The equality trust’s assertion sheds some more light on the relationship between crime rates and incarceration. It says that incarceration rates in a society are a reflection of four factors: Crime rates; conviction rates; preference shown to punitive rather than rehabilitative measures; and lengths of prison sentences.
On all the four counts, U.S. leans towards retribution while Sweden opts for rehabilitation.
It goes on to quote a study from Social science and medicine journal documenting the impact of income inequality on the incarceration rate both in the U.S. and in other countries. It says there is a strong correlation between income inequality and the number of people imprisoned in any country.
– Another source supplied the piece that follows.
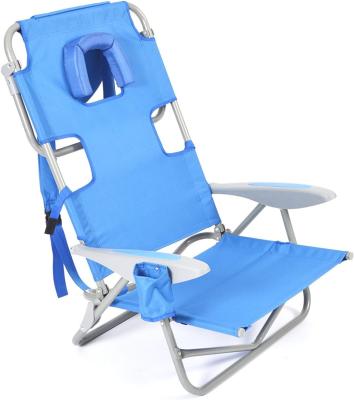 China Portable Adjustable Folding Beach Chairs Outdoor Lawn Lounge Reclining Chair Recliners Pillows for Patio,Poolside for sale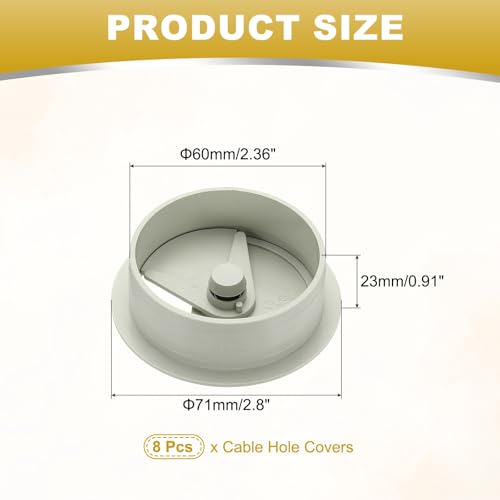 M METERXITY 8-Pack Cable Hole Cover, 2.8 Inch 70mm ABS Desk Cable Wire Cord Grommet Hole Cover for Home/Office Desktop Wire Organizer [Gray] - color: Gray, size: 2.8"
Swedish model of social democracy did come under the scanner earlier this year when riots drew attention to the increasing inequalities, especially those between Swedes and immigrants. Nick Oberg, head of Sweden’s prison and probation services, keeps the option of re-opening the prisons open.
However, given the approach adopted by Swedish welfare model and the checks and balances in place — resilient enough to withstand the rapid and lopsided growth that has taken place there in the last two decades — it is likely that prisoner population would keep getting reduced and the proficient citizen population see a growth.
Maybe giving an opportunity for rehabilitation is a better option than condemning the accused to a life of guilt without parole?